Start of Provided data
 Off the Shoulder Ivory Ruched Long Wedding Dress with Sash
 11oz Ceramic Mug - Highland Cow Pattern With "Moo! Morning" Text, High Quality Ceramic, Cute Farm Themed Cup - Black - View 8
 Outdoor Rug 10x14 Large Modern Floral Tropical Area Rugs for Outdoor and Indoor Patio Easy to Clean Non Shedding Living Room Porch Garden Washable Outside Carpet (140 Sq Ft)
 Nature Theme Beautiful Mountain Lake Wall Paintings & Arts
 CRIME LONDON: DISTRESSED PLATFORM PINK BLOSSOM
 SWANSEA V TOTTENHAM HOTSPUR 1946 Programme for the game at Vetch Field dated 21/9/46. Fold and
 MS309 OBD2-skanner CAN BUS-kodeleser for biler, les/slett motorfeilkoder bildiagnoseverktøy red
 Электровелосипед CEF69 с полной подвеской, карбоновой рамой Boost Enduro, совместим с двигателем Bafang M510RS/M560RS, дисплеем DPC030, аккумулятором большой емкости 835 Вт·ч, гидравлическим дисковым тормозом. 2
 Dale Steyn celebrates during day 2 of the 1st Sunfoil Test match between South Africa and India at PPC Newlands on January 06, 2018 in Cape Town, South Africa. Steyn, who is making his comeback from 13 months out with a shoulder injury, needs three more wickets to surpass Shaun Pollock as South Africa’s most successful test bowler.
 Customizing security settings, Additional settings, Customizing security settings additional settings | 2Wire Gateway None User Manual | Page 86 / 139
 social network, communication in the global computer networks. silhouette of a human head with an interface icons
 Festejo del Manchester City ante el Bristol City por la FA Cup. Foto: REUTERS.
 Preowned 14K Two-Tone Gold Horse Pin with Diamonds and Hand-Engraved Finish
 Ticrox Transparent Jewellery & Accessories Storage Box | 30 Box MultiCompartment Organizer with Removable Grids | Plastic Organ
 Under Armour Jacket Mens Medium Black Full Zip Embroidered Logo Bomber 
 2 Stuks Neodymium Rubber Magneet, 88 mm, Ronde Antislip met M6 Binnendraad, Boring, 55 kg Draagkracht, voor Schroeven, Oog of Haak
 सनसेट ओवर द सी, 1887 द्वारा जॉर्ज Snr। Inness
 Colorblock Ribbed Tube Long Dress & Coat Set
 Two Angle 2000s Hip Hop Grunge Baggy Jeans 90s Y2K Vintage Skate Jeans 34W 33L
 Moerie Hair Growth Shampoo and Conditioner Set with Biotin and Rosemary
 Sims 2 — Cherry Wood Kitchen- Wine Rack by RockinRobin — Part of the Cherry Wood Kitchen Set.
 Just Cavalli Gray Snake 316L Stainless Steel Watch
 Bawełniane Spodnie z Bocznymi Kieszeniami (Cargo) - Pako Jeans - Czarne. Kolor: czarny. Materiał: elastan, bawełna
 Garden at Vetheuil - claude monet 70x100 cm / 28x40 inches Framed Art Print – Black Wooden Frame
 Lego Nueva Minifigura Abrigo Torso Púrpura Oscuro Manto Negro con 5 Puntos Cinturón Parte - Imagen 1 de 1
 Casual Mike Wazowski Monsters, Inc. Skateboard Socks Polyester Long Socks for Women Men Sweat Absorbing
End of Provided data
Task prompt
Look above for the line containing "11oz Ceramic Mug" and the line containing "Preowned 14K Two-Tone". Transcribe both, with the lines between them, exactly.

Written answer
 11oz Ceramic Mug - Highland Cow Pattern With "Moo! Morning" Text, High Quality Ceramic, Cute Farm Themed Cup - Black - View 8
 Outdoor Rug 10x14 Large Modern Floral Tropical Area Rugs for Outdoor and Indoor Patio Easy to Clean Non Shedding Living Room Porch Garden Washable Outside Carpet (140 Sq Ft)
 Nature Theme Beautiful Mountain Lake Wall Paintings & Arts
 CRIME LONDON: DISTRESSED PLATFORM PINK BLOSSOM
 SWANSEA V TOTTENHAM HOTSPUR 1946 Programme for the game at Vetch Field dated 21/9/46. Fold and
 MS309 OBD2-skanner CAN BUS-kodeleser for biler, les/slett motorfeilkoder bildiagnoseverktøy red
 Электровелосипед CEF69 с полной подвеской, карбоновой рамой Boost Enduro, совместим с двигателем Bafang M510RS/M560RS, дисплеем DPC030, аккумулятором большой емкости 835 Вт·ч, гидравлическим дисковым тормозом. 2
 Dale Steyn celebrates during day 2 of the 1st Sunfoil Test match between South Africa and India at PPC Newlands on January 06, 2018 in Cape Town, South Africa. Steyn, who is making his comeback from 13 months out with a shoulder injury, needs three more wickets to surpass Shaun Pollock as South Africa’s most successful test bowler.
 Customizing security settings, Additional settings, Customizing security settings additional settings | 2Wire Gateway None User Manual | Page 86 / 139
 social network, communication in the global computer networks. silhouette of a human head with an interface icons
 Festejo del Manchester City ante el Bristol City por la FA Cup. Foto: REUTERS.
 Preowned 14K Two-Tone Gold Horse Pin with Diamonds and Hand-Engraved Finish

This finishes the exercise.